- O Globo
Um dos grandes desafios neste momento de reformas é como atualizar as leis do trabalho no campo. O deputado Nilson Leitão (PSDB-MT), me garantiu que, ao contrário do que foi publicado, no projeto dele não há a possibilidade de descontar do salário do trabalhador o que é gasto pelo empregador com moradia e alimentação. Curioso, porque é exatamente isso que está escrito no projeto.
O artigo 16 diz que “só poderão ser descontados do empregador rural as seguintes parcelas, calculadas sobre o salário mínimo: até o limite de 20% pela ocupação da morada; até o limite de 25% pelo fornecimento de alimentação sadia e farta, atendidos os preços vigentes na região”.
Se uma lei diz que “só pode ser descontado”, é que, sim, pode ser descontado. Há apenas esse limite de 45%. O texto estabelece que os descontos só podem ser acima disso se houver “autorização legal ou decisão judiciária”.
O deputado conta que os críticos do projeto estão todos errados. Para provar o que disse, me mandou um release no formato “Perguntas e Respostas” sobre a proposta. Nesse texto didático há a pergunta: “O projeto prevê que moradia e alimentação poderão fazer parte do salário do trabalhador?” E responde que no parágrafo 4º do artigo 16 está escrito que: “a cessão pelo empregador, de moradia e de sua infraestrutura básica, assim como bens destinados à subsistência e de sua família não integram o salário do trabalhador”. Realmente este parágrafo está lá, porém no artigo está escrito o que registrei acima, que dá ao empregador o direito de descontar as “parcelas” de alimentação e de moradia.

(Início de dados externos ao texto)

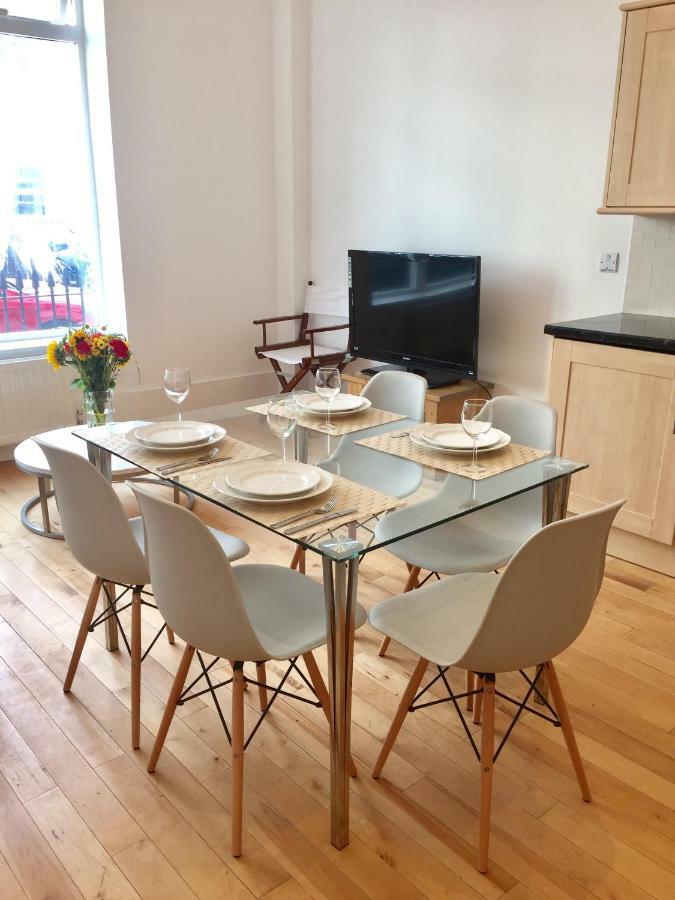 Stylish Apartment In Victoria Лондон Екстериор снимка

Do jeito que está redigido, o artigo 16 é uma contradição em termos. Pode ser descontado até 45% do que o trabalhador tem a receber mas não integra o salário. “Ou seja, o salário continua existindo”, diz o texto explicativo do deputado. Evidentemente que algo confuso assim abre uma possibilidade enorme de abuso no setor rural, e agora legalizado. O deputado acha que a imprensa o interpretou mal, mas no mínimo uma nova redação precisa ser dada a esse parágrafo, se for mesmo esse o caminho pelo qual o Brasil vai regular as relações de trabalho na área rural, em empreendimentos que ficam muitas vezes longe dos centros urbanos e dos olhos de fiscais e dos brasileiros em geral.
No seu “Perguntas e Respostas”, há o seguinte: “o projeto prevê a exclusão da Consolidação das Leis do Trabalho para o trabalhador rural?”. E ele responde: “Não”. Mas no texto está escrito no parágrafo 1º do artigo 1º que: “nas relações de trabalho rural não se aplica subsidiariamente a Consolidação das Leis do Trabalho”. Fica parecendo que o autor do “Perguntas e Respostas” leu outro projeto.
A Norma Reguladora 31 é outro alvo dos legisladores ruralistas. Certa vez, em 2010, a então presidente da CNA Kátia Abreu concedeu entrevista criticando duramente a NR-31 alegando que não dava para cumprir 252 regras do Ministério do Trabalho. Na época, fui conferir esse detalhismo regulatório. E constatei normas que nem deveriam ter sido escritas de tão óbvias: é obrigatório oferecer água potável ao trabalhador, é preciso haver água para lavar as mãos antes das refeições se o trabalhador manipulou agrotóxico, os alojamentos têm que ser divididos por sexo, alojamentos de famílias não podem ser coletivos, trabalhador não pode pagar pelo equipamento de trabalho, se o trabalhador sofrer acidente, tem que receber primeiros socorros.
A NR-31 foi escrita por uma comissão tripartite, da qual a CNA participou, depois de quatro anos de discussão. Se tais obviedades foram escritas é porque havia quem não as cumprisse.
Segundo o deputado é preciso “acabar com o paternalismo em relação ao trabalhador rural”. De acordo. É preciso haver relações de trabalho respeitosas, nada de paternalismo. O agronegócio é uma das grandes forças da economia brasileira. É fácil entender que o trabalho rural tem várias diferenças em relação ao exercício de profissões urbanas. O desafio é fazer mudanças e adequações que comportem essas diferenças, sem que isso signifique abandonar o esforço pelo trabalho decente.